Great Careers in Testing

Alina von DavierAlina A. Von Davier, PhD

Alina A. von Davier is a Strategic Advisor in the Research & Development Division at Educational Testing Service (ETS) in Princeton, NJ. She is also an Adjunct Professor at Fordham University. Her Ph.D. in mathematics was earned at the Otto von Guericke University of Magdeburg, Germany, and her M.S. in mathematics is from the University of Bucharest, Romania.

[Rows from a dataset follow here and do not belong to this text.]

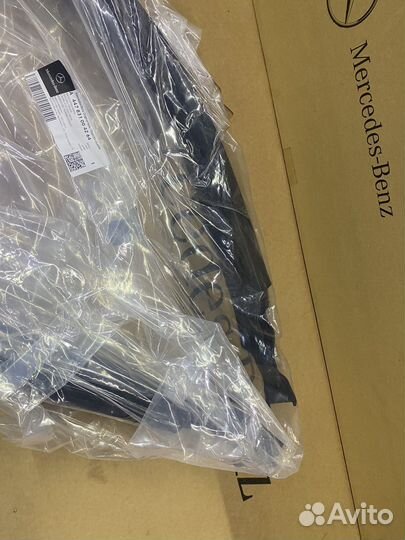 Уплотнитель моторного отсека Mercedes W447 V447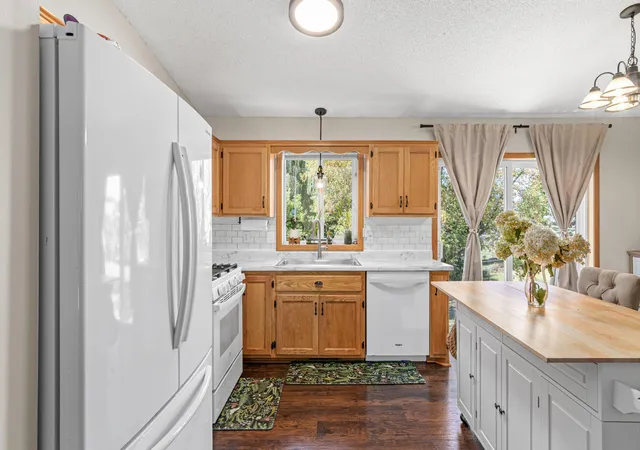 Photo 3 of Sale Pending at 4762 Blanding Ct, Big Lake, MN 55309 | MLS# 7139431 | Listing updated on 2026-09-24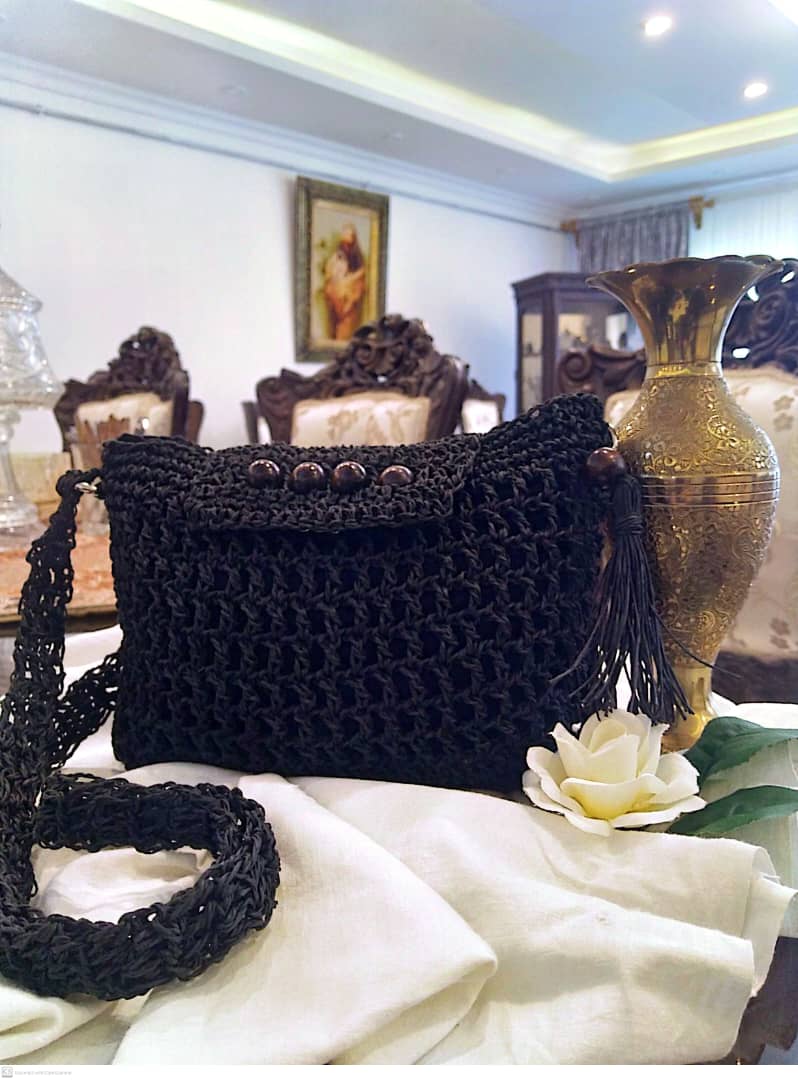 کیف مشکی دوشی رافیا استردار نخ ترک رافیا M16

Dr. von Davier is responsible for fostering research relationships between ETS and the psychometric field, nationally and internationally, and for providing psychometric support to several international assessments. She has led an ETS Research Initiative called "Equating and Applied Psychometrics" for the past seven years. During her tenure at ETS, Dr. von Davier was the Research Center Director of the Global Psychometric Services (GPS) Center. The GPS center supports the psychometric work for all large ETS international programs, such as TOEFL iBT® and TOEIC®. She co-authored a book on the kernel method of test equating and guest co-edited for a special issue on population invariance of linking functions for Applied Psychological Measurement. She edited a volume on new models for test equating and authored a book on testing causal hypotheses. Currently she is co-editing a book on multi-stage testing. She has also published research articles in several leading psychometrics journals. Prior to working for ETS, she worked in Germany at the Universities of Trier, Magdeburg, Kiel, and Jena, and the ZUMA, a research institute, in Mannheim. She also worked for the Institute of Psychology of the Romanian Academy, and was a visiting scholar at the Stockholm School of Economics.

Your Career

At what point did you become interested in psychometrics and how did you decide to take it up as your career focus?
As a graduate student in the Mathematics Department, I worked for the Institute of Psychology of the Romanian Academy. The institute provided a very dynamic and intellectually stimulating environment, especially after the communist era. During that period of time, I tried to find my place among my psychologist colleagues. I realized that I could help them run their analyses and perhaps even create new ways to answer substantive research questions using mathematical modeling and statistics.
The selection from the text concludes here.